CBI headquarters is a ₹186 crore, 11-storey building in New Delhi. The 7000 m2 building is equipped with a modern communications system, an advanced record-maintenance system, storage space, computerised access control and an additional facility for new technology. Interrogation rooms, cells, dormitories and conference halls are provided. The building has a staff cafeteria with a capacity of 500, gyms, a terrace garden, and bi-level basement parking for 470 vehicles. Advanced fire-control and power-backup systems are provided, in addition to a press briefing room and media lounge.

==== Bharatpol ====
On January 7, 2025, the Indian Home Minister Amit Shah, launched the CBI developed Bharatpol platform. It will help streamline the communication between local law enforcement authorities and Interpol. Rapid and secure transmission of Interpol notices will be guaranteed by the platform. 195 countries' Interpol references will be integrated for global assistance. Local agencies would be able to access the 195 countries' support requests instantly. Additionally, it will streamline capacity-building programs and document management and interchange. Requests for real-time data exchange, including the sending of Red Corner Notices (RCNs) and other alerts over a worldwide network, will be responded to by Bharatpol more quickly both domestically and internationally. Crimes like cybercrime, illegal drug trade, arms trafficking, human trafficking, and terrorism will be addressed with the assistance of Bharatpol. It will have access to 19 different kinds of Interpol databases.

=== Rank structure ===

| Insignia | Hierarchy in CBI | Equivalent rank in state police | Grade/level on pay matrix | Basic Pay |
|  | Director of the CBI | Director General of Police | Apex Scale (Pay level 17) | ₹225,000 (US$2,300) |
| Special Director | Special Director General of Police | HAG+ Scale (Pay level 16) | ₹205,400 (US$2,100)—₹224,400 (US$2,300) |
| Additional Director | Additional Director General of Police | HAG Scale (Pay level 15) | ₹182,200 (US$1,900)—₹224,100 (US$2,300) |
|  | Joint Director | Inspector General of Police | SAG scale (Pay level 14) | ₹144,200 (US$1,500)—₹218,200 (US$2,300) |
|  | Deputy Inspector General (DIG) | Deputy inspector general of police | Selection grade (Pay level 13A) | ₹131,100 (US$1,400)—₹216,600 (US$2,200) |
|  | Superintendent | Senior Superintendent of Police | Selection Grade (Pay level 13) | ₹123,100 (US$1,300)—₹215,900 (US$2,200) |
| Superintendent of Police | Junior Administrative Grade (Pay level 12) | ₹78,800 (US$820)—₹209,200 (US$2,200) |
|  | Additional Superintendent | Addl Superintendent of Police | Senior time scale (Pay level 11) | ₹67,700 (US$700)—₹208,700 (US$2,200) |
|  | Deputy Superintendent | Deputy Superintendent of Police | Junior time scale (Pay level 10) | ₹56,100 (US$580)—₹132,000 (US$1,400) |
|  | Inspector | Inspector of Police | Group 'B' Non-gazetted (Pay level 7) | ₹44,900 (US$470)—₹142,400 (US$1,500) |
|  | Sub-inspector | Sub-inspector of police | Group 'B' Non-gazetted (Pay level 6) | ₹35,400 (US$370)—₹112,400 (US$1,200) |
|  | Assistant sub-inspector | Assistant sub-inspector of police | Group 'C' Non-gazetted (Pay level 5) | ₹29,200 (US$300)—₹92,300 (US$960) |
|  | Head constable | Head constable | Group 'C' Non-gazetted (Pay level 4) | ₹25,500 (US$260)—₹81,100 (US$840) |
|  | Constable | Constable | Group 'C' Non-gazetted (Pay level 3) | ₹21,700 (US$230)—₹69,100 (US$720) |

==CBI Academy==
The CBI Academy in Ghaziabad (east of Delhi) began in 1996. It is about 40 km from the New Delhi railway station and about 65 km from Indira Gandhi International Airport.
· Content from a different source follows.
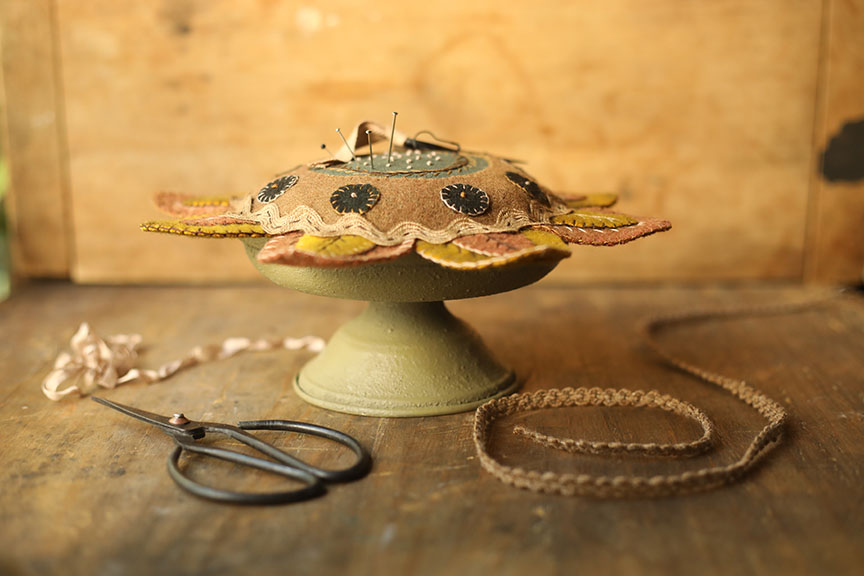 Sunflower Pincushion sideview Workshop w/Rebekah L. Smith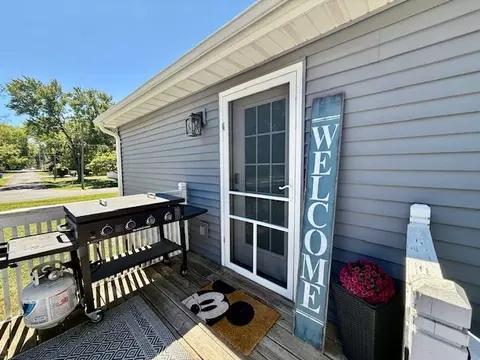 Exterior - 708 E North St, Monticello, IL 61856 photo 2 of 10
The 26.5 acre campus, with fields and plantations, houses the administrative, academic, hostel and residential buildings. Before the academy was built a small training centre at Lok Nayak Bhawan, New Delhi, conducted short-term in-service courses. The CBI then relied on state police-training institutions and the Sardar Vallabhbhai Patel National Police Academy in Hyderabad for basic training courses for deputy superintendents of police, sub-inspectors and constables.

== Jurisdiction, powers and restrictions ==
In 2022, responding to a question, The Minister of state in the Prime Minister's office informed Rajya Sabha that a total of nine states had withdrawn general consent to the CBI to investigate cases in those states. The states include West Bengal, Maharashtra, Kerala and Punjab. In June 2023, Tamil Nadu became the ninth state to withdraw consent.

===Investigation of corruption cases===
The CBI is the primary investigative agency for corruption cases involving Central Government employees under the Prevention of Corruption Act (PC Act) and the Delhi Special Police Establishment (DSPE) Act. However, the scope of its jurisdiction has been subject to legal interpretations.

In a significant ruling, the Kerala High Court held that the Vigilance and Anti-Corruption Bureau (VACB), a state anti-corruption agency, also possesses the authority to investigate corruption cases involving Central Government employees within the state. The court reasoned that neither the PC Act nor the DSPE Act explicitly prohibits state agencies from investigating such cases.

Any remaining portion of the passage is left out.